#### TRY IT:
Return only the lines below starting at the line containing "B. Makowsky Caramel leather hobo purse" and ending at the line containing "Kelston View By", both included, exactly as they are and with no pictures.

#### EXERCISE INPUT:
◆ ◆ ◆ ◆
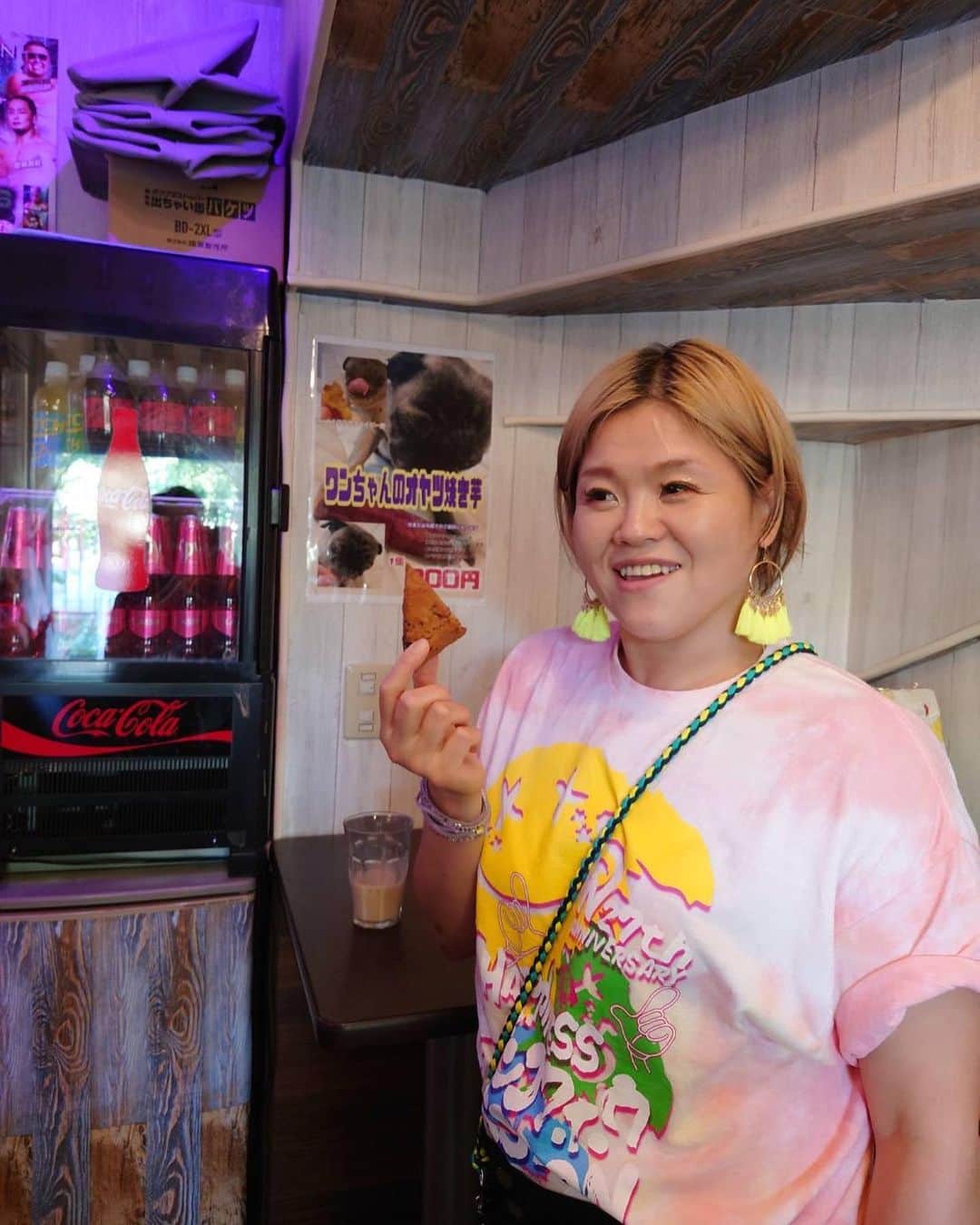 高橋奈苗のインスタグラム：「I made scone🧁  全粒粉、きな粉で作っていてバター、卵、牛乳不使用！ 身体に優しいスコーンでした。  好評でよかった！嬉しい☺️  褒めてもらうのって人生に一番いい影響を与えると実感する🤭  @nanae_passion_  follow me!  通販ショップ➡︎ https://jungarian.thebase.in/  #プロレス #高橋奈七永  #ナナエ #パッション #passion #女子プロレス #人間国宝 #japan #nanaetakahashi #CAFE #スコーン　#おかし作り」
◆ ◆ ◆ ◆
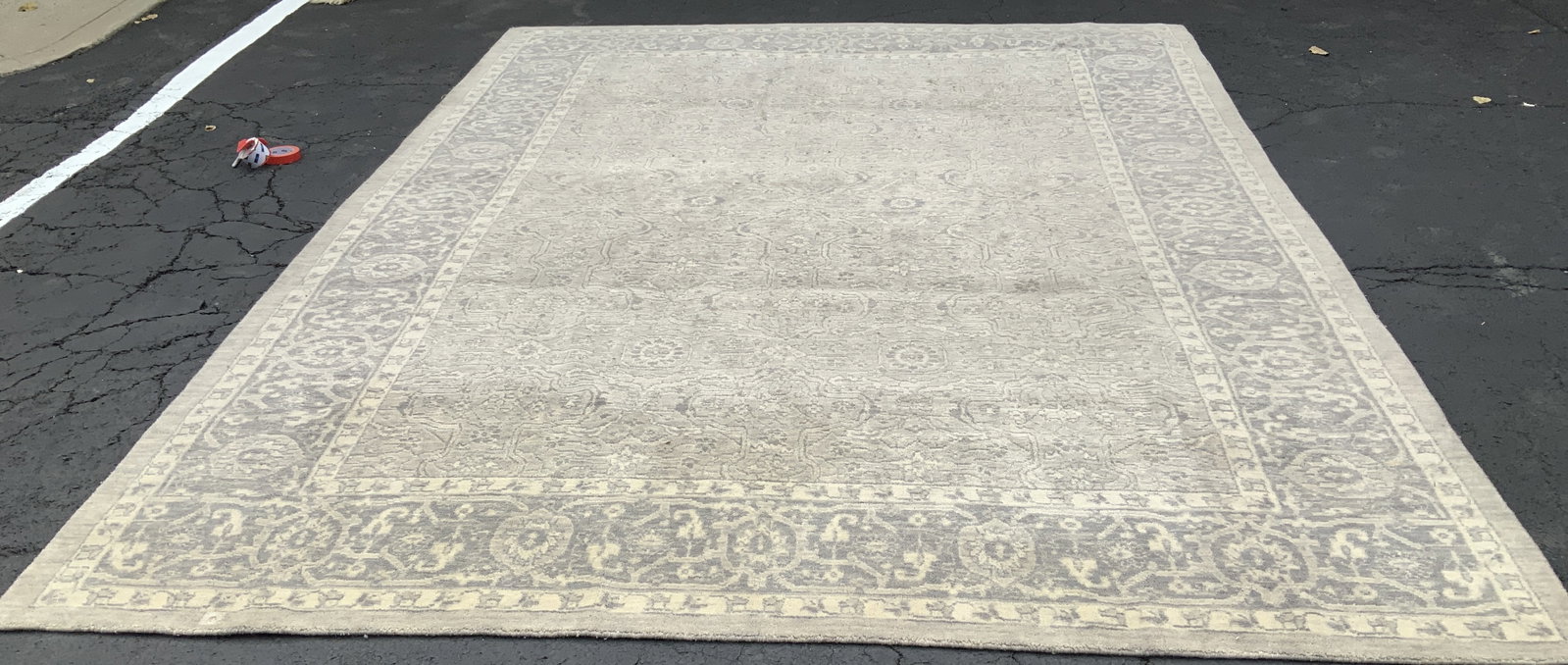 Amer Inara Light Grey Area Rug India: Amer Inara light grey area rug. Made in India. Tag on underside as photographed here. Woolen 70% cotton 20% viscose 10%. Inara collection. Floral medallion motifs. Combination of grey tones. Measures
◆ ◆ ◆ ◆
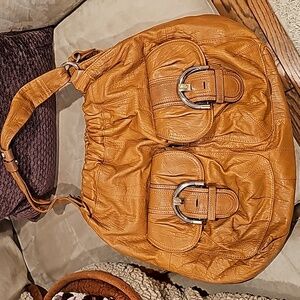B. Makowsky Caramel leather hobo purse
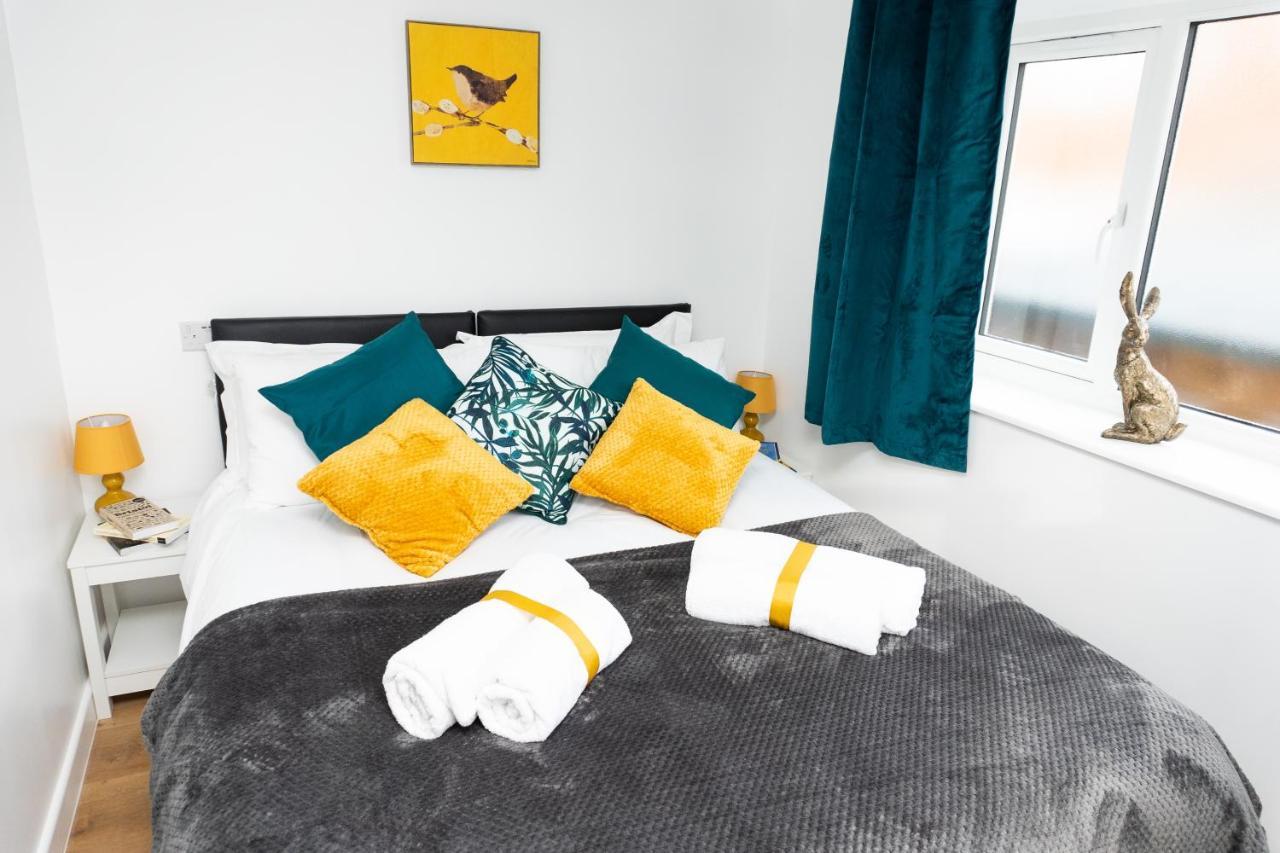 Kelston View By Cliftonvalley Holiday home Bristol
◆ ◆ ◆ ◆
#### RESULT:
B. Makowsky Caramel leather hobo purse
 Kelston View By Cliftonvalley Holiday home Bristol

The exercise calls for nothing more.